Unchastened by the losses, Perle started his own private equity firm, Trireme Partners, which he founded in 2001 along with Gerald Hillman, a fellow member of the Pentagon’s Defense Policy Board. Perle tried to hit up Hollinger for a $25 million commitment, with $2.5 million up front. Black resisted, in part because Black, a world-class chiseler himself, felt he was getting chiseled by Perle. On Feb. 1, 2002, Black wrote a memo questioning Perle’s habit of submitting personal bills for reimbursement: “I have been consulted about your American Express account which has been sent to us for settlement. It varies from $1,000 to $6,000 per month and there is no substantiation of any of the items which include a great many restaurants, groceries and other matters.”
In late 2002 and early 2003, negotiations between Black and Perle grew heated.Ultimately, Black seems to have concluded that $2.5 million was a small price to pay to get rid of Perle. In a Dec. 28, 2002, e-mail, he told colleagues the Trireme investment was, in the report’s words,“a means to remove Perle from Digital’s payroll.”
And while the report documents how Black spent company cash on himself, he resented it when Perle did the same. The report, again: Black “told [Hollinger executive Peter] Atkinson in an e-mail dated [Dec. 29, 2002] that he was ‘well aware of what a trimmer and a sharper Richard is at times.’ ” Black wrote about Trireme.“As I suspected, there is a good deal of nest-feathering being conducted by Richard which I don’t object to other than that there was some attempt to disguise it behind a good deal of dissembling and obfuscation.” (In Black’s book, it was OK to feather your nest but not OK to lie about it.)
Black admired—in a grudging way—how Perle worked on him. Black explained in a Jan. 7, 2003, e-mail to a colleague: “I have been exposed to Richard’s full repertoire of histrionics, cajolery, and utilization of fine print. He hasn’t been disingenuous exactly, but I understand how he finessed the Russians out of deployed missiles in exchange for non-eventual-deployment of half the number of missiles of unproven design.” After discussing compensation with Perle, he wrote: “My feeling is that we are finally dealing with Richard Perle of Reykjavik and the Zero Option, who realizes that mental agility must be applied to bringing us into the coalition and not straight-arming us like a bunch of NATO-ninny psuedo-allies.”

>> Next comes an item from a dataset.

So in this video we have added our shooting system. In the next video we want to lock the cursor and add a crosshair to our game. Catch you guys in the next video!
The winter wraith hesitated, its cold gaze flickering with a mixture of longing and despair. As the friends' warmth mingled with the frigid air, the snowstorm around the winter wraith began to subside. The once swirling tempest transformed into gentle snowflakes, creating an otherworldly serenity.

In the end, Hollinger did invest $2.5 million in February 2003 in Trireme Partners. True to its name, Perle’s venture firm has set about to try to ream its partners. According to the Breeden report, Hollinger’s $2.5 million investment in the fund is worth only $1.5 million—a loss of 40 percent in one year.

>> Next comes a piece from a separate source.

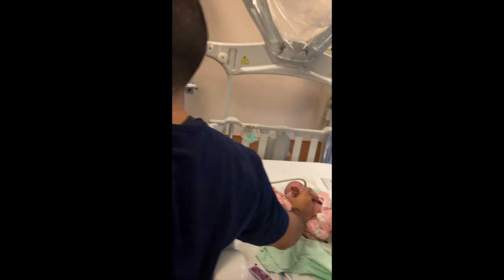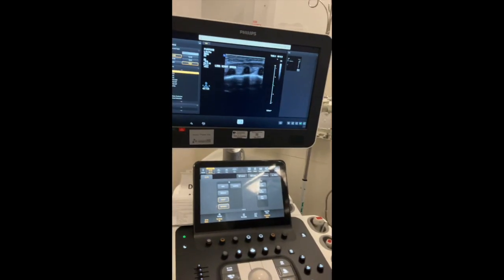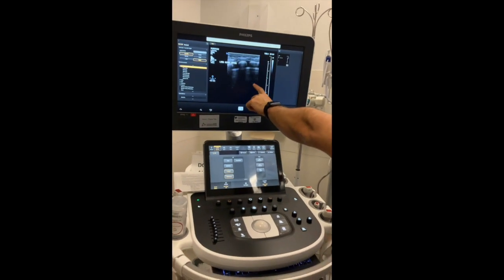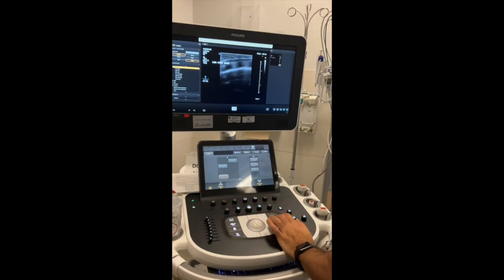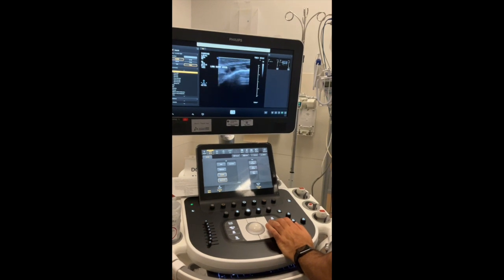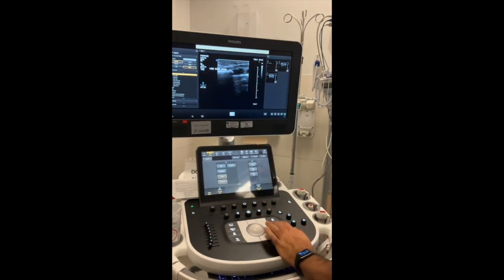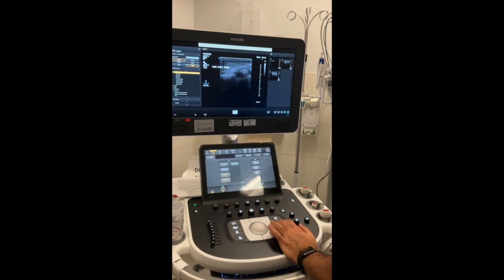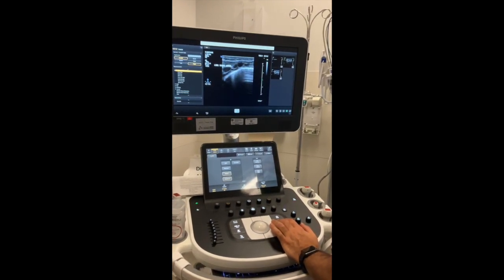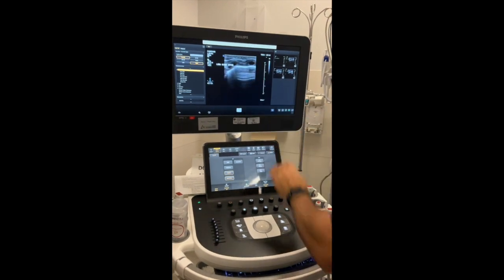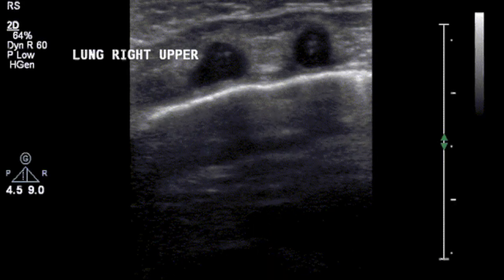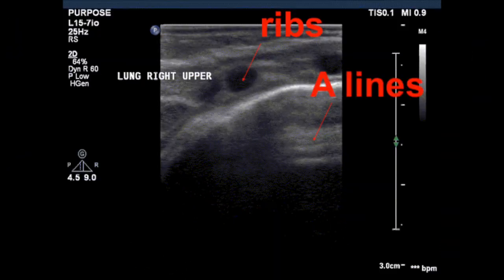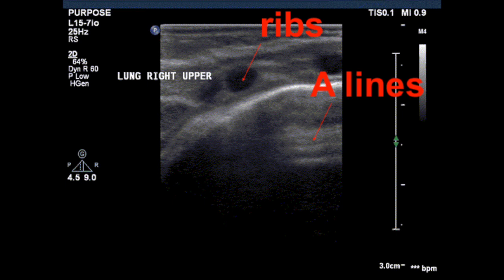Here we can see the ribs and we can see the A-lines. I'm going to acquire. We can see the pleura, and as we have five seconds of breathing in the mid-clavicular line, I acquire where we see a lot of A-lines. This is what we see on the lung ultrasound for the right upper lobe — the ribs and A-lines.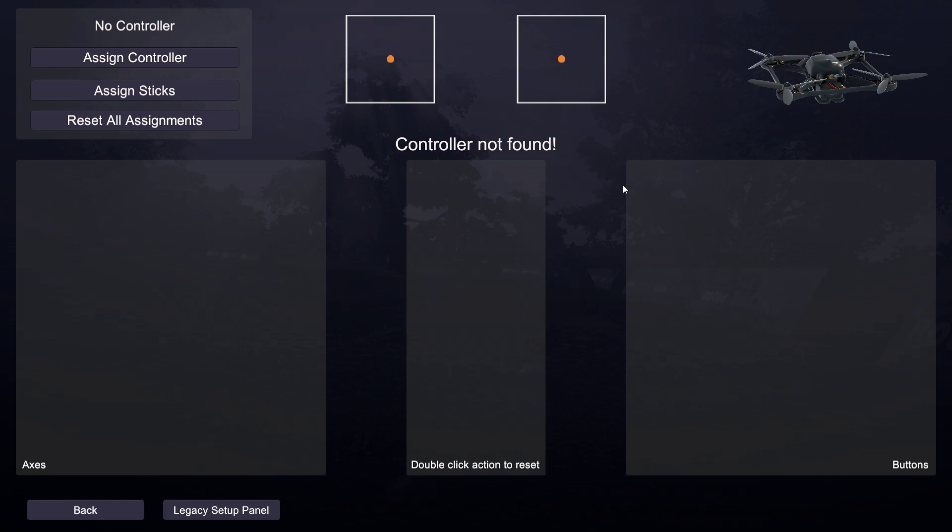Some of you may have come into Velocidrone or Liftoff and found out that your controller is not showing up. You can wiggle the sticks all you want, nothing is going to happen. That's because there is an incorrect driver installed. For some reason, the Windows update forced an update for your FRSky driver and Windows is improperly assigning it.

The report will no doubt prove embarrassing for Perle.
The section from Pages 482-492 is devoted to his exceptional shortcomings as a director. “It is, of course, possible for a conflicted board member to act at least somewhat responsibly,” Breeden writes. “As a conflicted Executive Committee member, however, Perle did not. Rather, his Executive Committee performance falls squarely into the ‘head-in-the-sand’ behavior that breaches a director’s duty of good faith and renders him liable for damages under Delaware law.” (The investigative committee was stunned when Perle admitted that he frequently didn’t bother to read documents that he signed.) And because Perle routinely placed his own interests ahead of those of Hollinger’s public shareholders, the committee concluded, he shouldn’t be allowed “to retain any of his Hollinger compensation, including his Digital Incentive Plan bonuses, salary and directors’ fees. The Special Committee intends to pursue a recovery from Perle, either consensually or through litigation.”
Back when he was threatening to sue Seymour Hersh for libel, Perle must have come into contact with some good lawyers. He may need them.